- [Task details]: Write out nothing except the lines of the entries below, from the first through the one containing "Puste, jasne pomieszczenie", exactly and without pictures.

================================

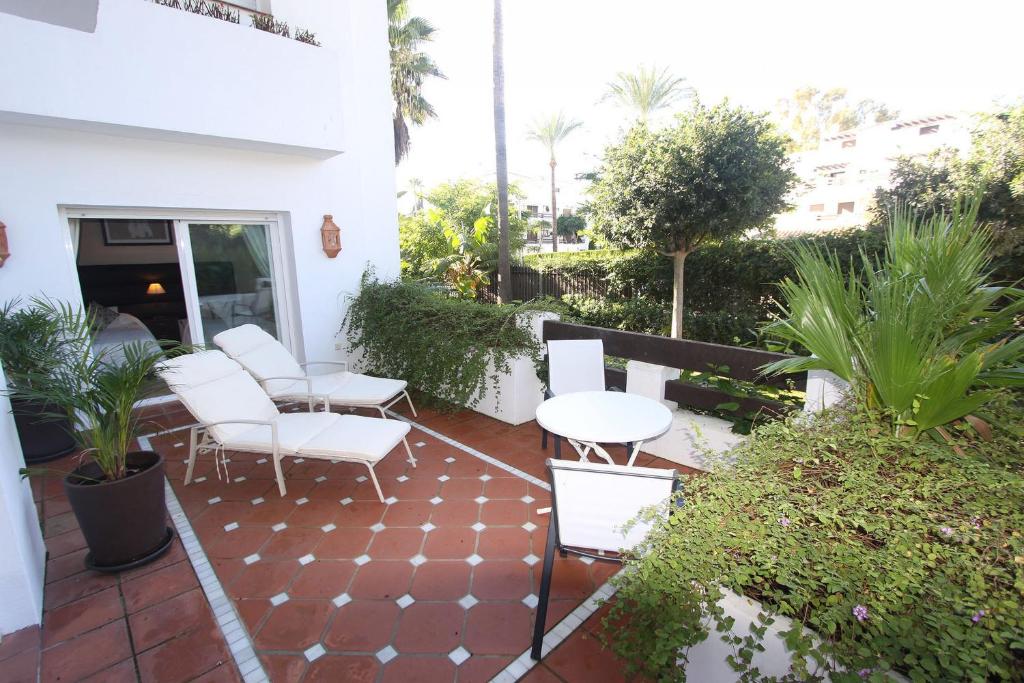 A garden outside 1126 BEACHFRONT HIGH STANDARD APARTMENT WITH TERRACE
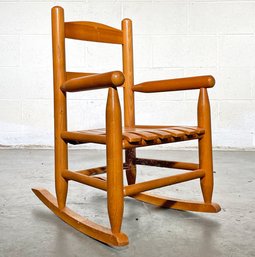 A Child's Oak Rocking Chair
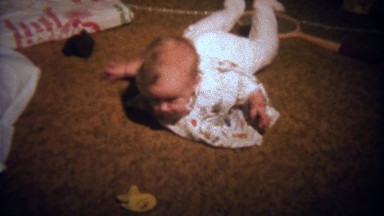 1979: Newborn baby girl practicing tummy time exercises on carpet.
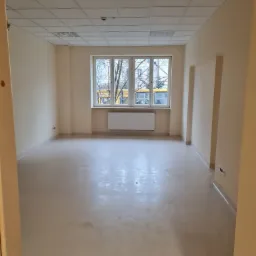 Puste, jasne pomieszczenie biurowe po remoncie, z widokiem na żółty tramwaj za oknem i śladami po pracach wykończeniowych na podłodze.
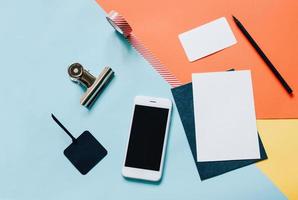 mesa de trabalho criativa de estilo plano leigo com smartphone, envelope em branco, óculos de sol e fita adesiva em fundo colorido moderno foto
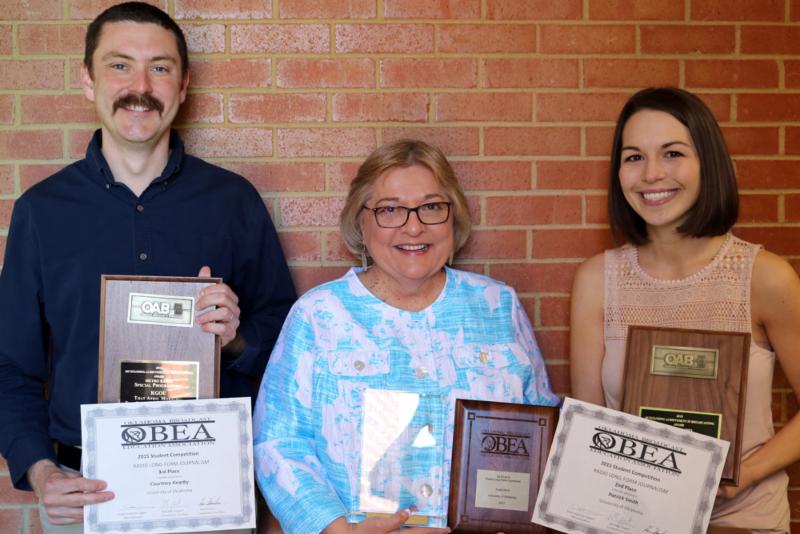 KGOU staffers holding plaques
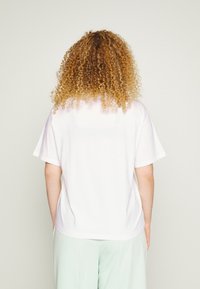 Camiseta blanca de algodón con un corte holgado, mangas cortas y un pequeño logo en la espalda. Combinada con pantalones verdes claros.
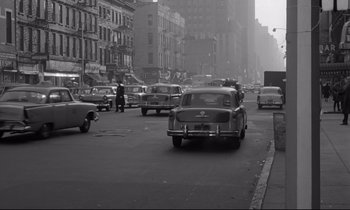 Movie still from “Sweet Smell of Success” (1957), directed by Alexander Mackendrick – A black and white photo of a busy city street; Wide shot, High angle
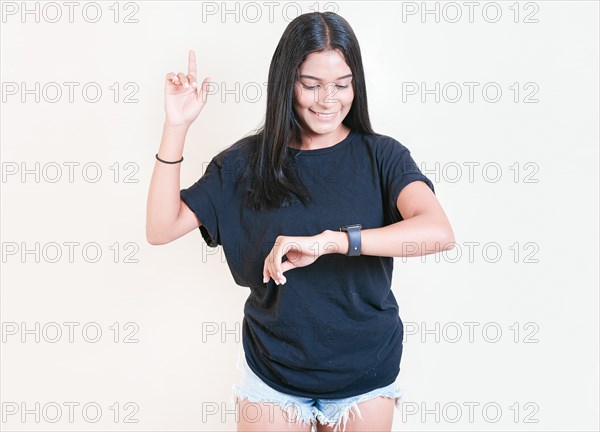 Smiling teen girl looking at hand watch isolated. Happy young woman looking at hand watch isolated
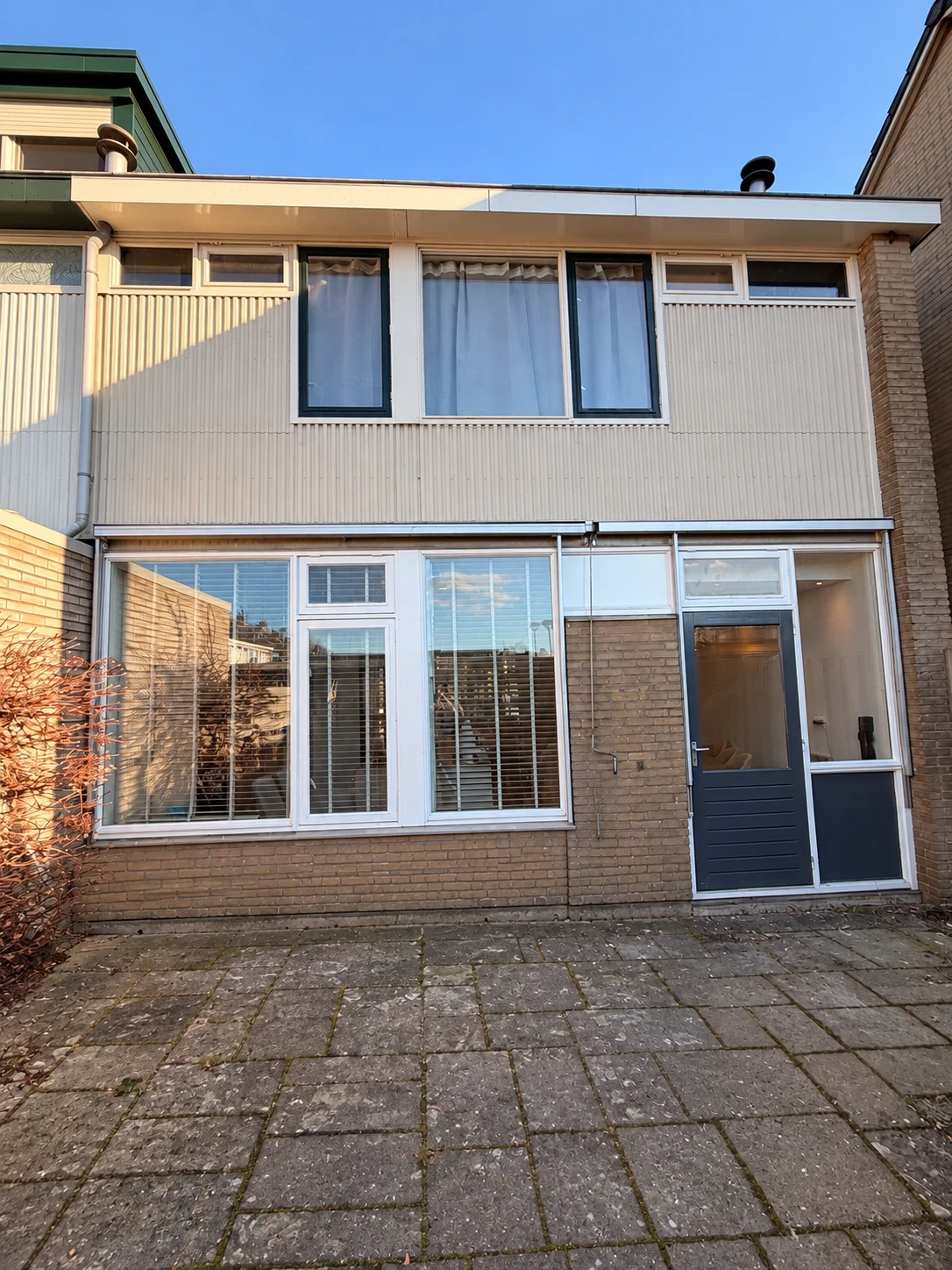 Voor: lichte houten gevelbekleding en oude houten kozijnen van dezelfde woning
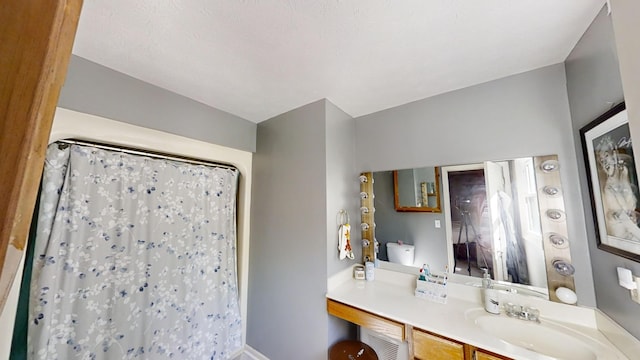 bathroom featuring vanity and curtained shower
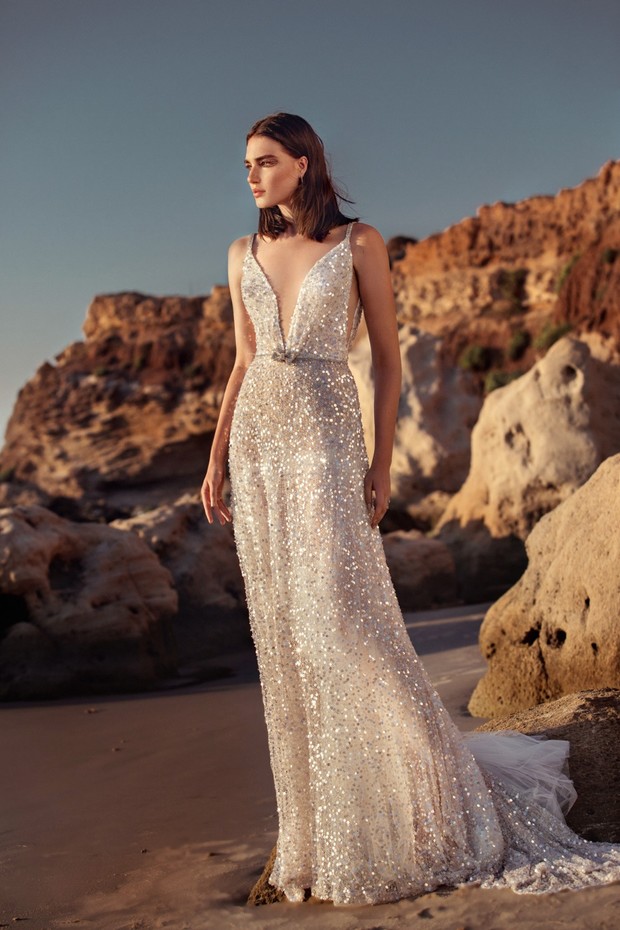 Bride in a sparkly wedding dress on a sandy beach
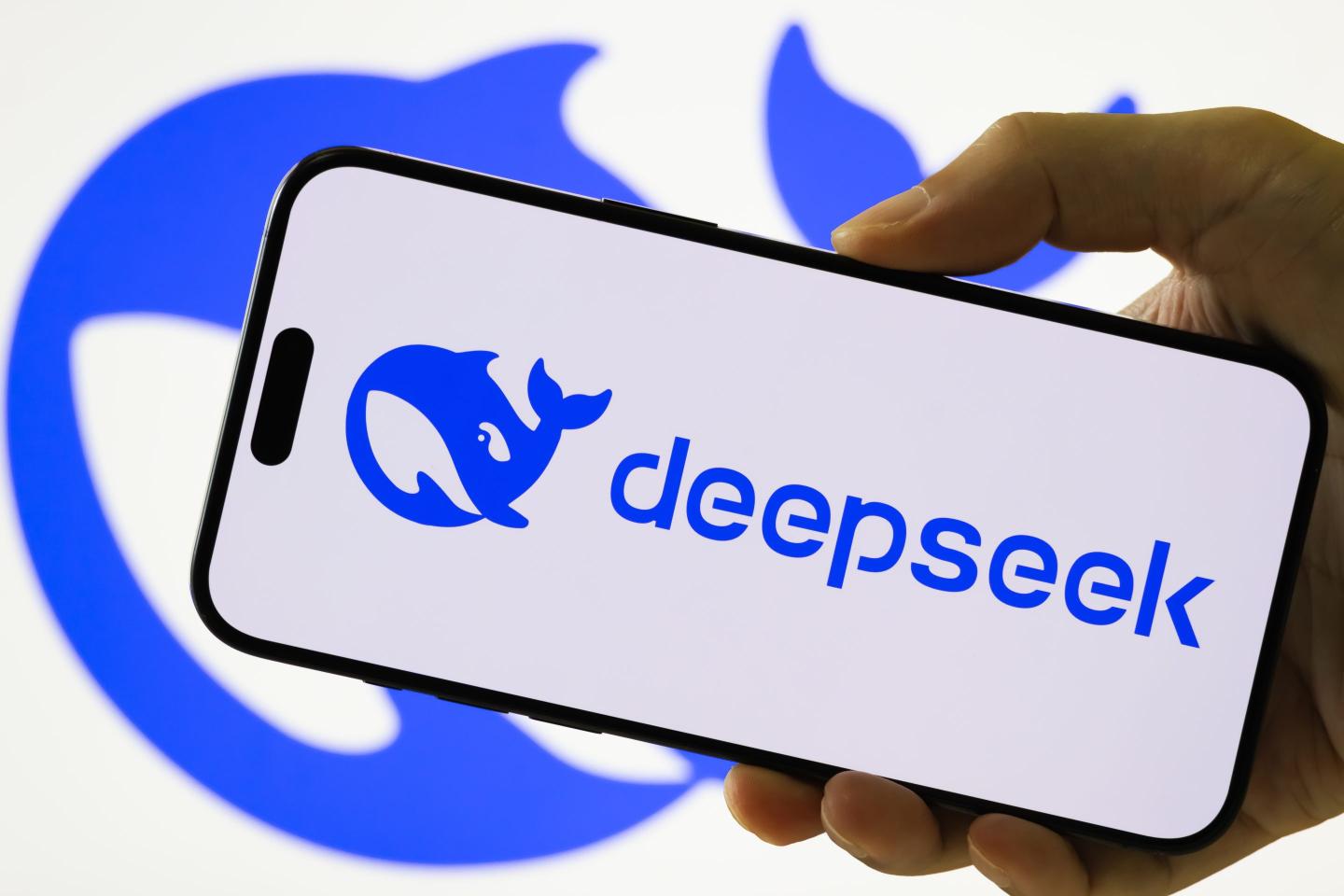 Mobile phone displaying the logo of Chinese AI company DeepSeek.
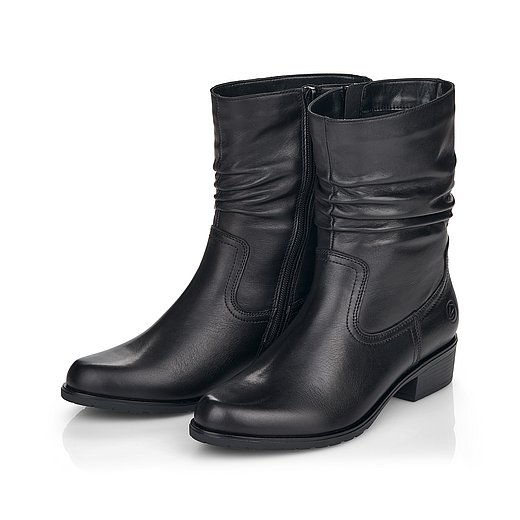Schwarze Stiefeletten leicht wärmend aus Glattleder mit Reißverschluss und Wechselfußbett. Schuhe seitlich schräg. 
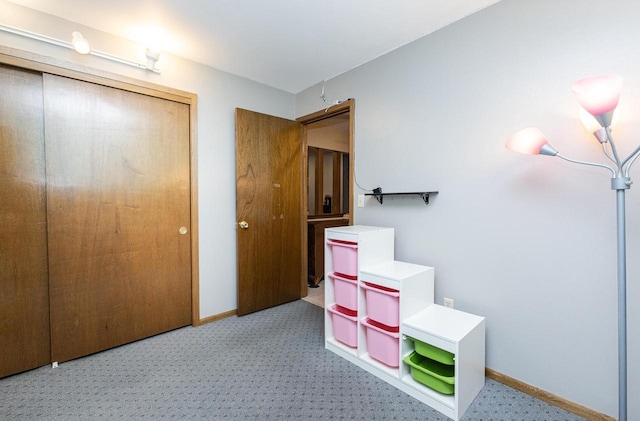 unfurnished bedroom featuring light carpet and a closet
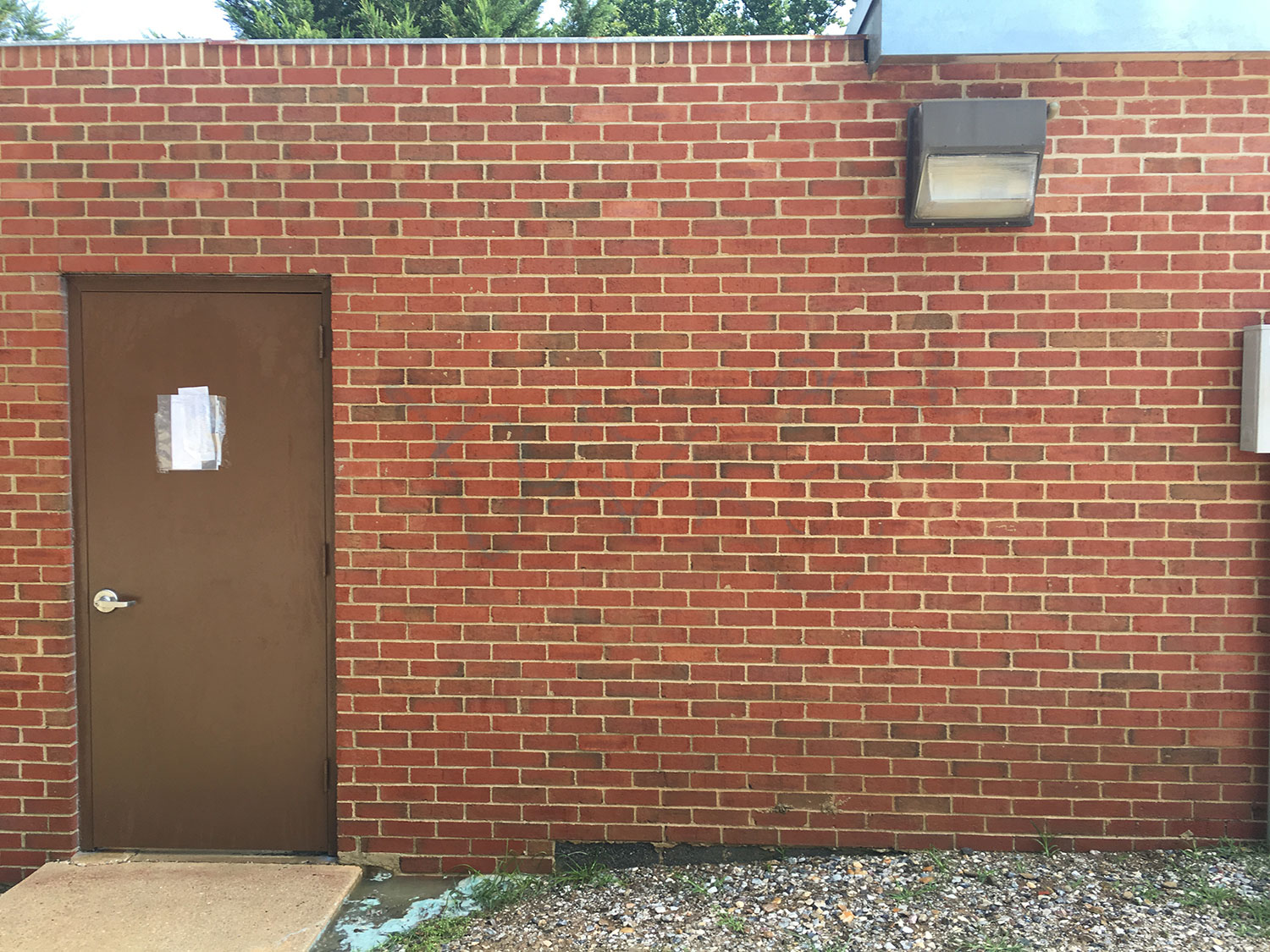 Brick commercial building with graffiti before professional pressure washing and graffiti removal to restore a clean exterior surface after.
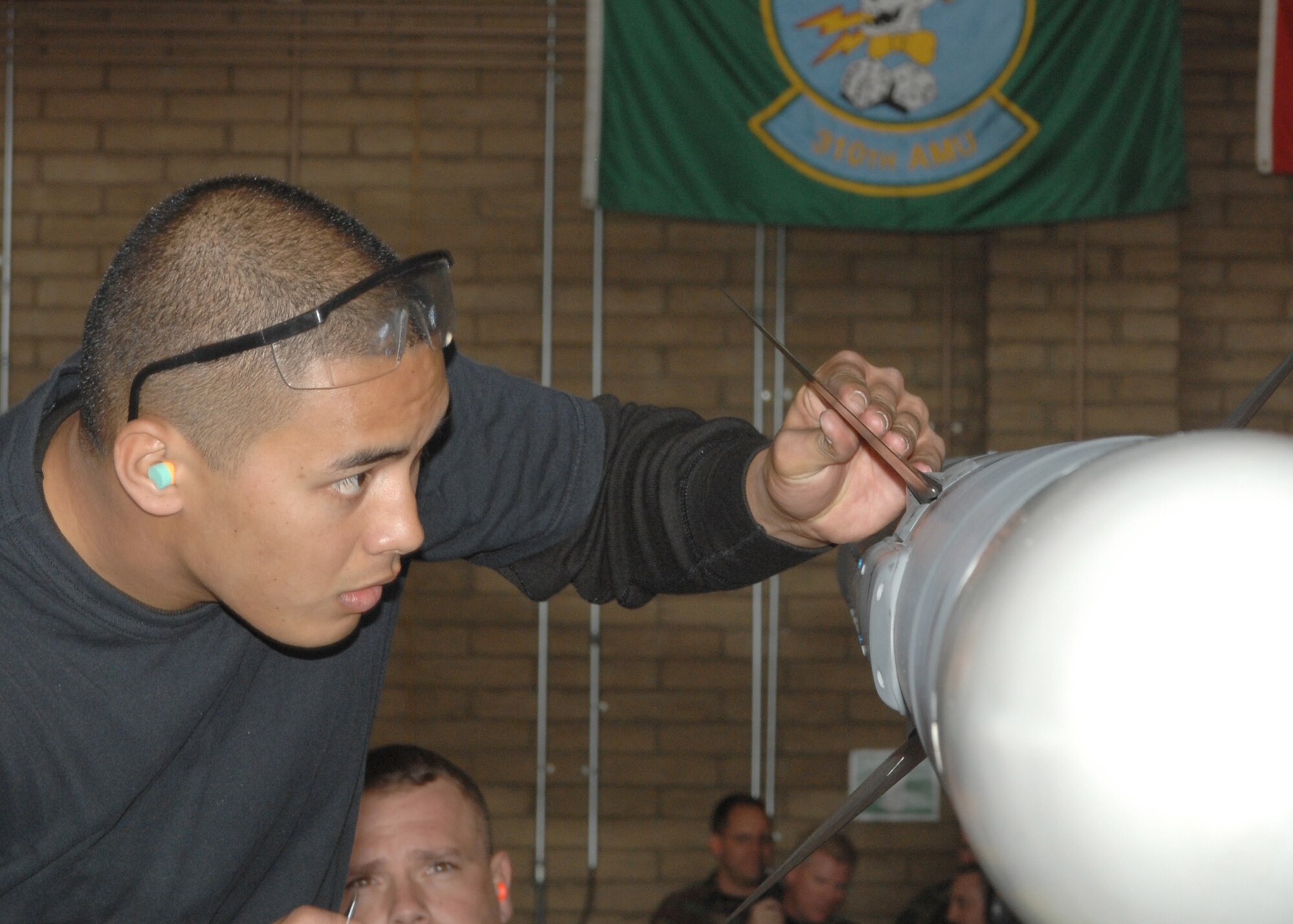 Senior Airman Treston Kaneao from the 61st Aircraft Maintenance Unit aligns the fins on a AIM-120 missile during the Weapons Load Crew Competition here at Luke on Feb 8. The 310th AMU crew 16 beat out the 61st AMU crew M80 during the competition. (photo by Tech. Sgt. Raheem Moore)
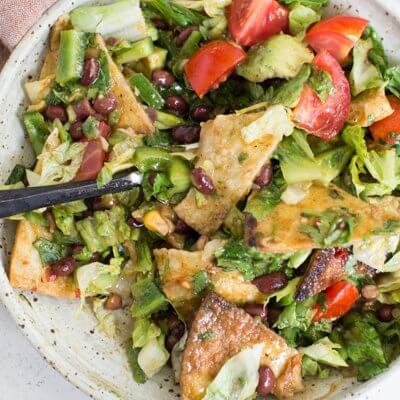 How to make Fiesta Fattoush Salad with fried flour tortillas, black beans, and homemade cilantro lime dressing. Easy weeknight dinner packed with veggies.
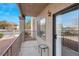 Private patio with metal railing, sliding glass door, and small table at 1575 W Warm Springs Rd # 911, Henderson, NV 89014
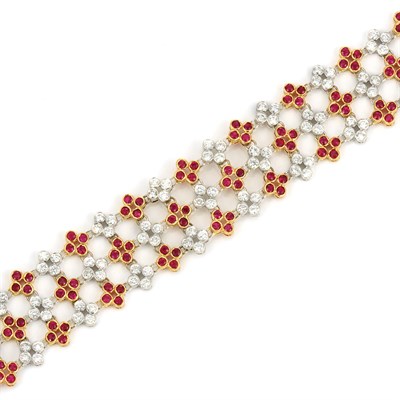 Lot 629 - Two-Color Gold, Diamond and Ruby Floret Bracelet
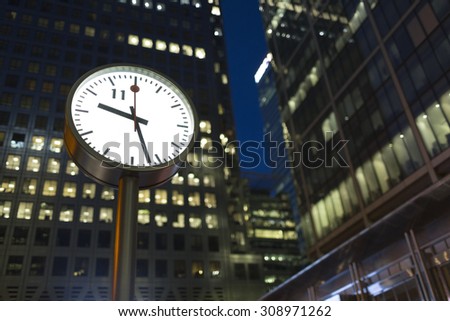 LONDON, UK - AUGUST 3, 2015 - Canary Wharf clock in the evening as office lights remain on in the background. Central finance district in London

================================

- [Solution]:
 A garden outside 1126 BEACHFRONT HIGH STANDARD APARTMENT WITH TERRACE
 A Child's Oak Rocking Chair
 1979: Newborn baby girl practicing tummy time exercises on carpet.
 Puste, jasne pomieszczenie biurowe po remoncie, z widokiem na żółty tramwaj za oknem i śladami po pracach wykończeniowych na podłodze.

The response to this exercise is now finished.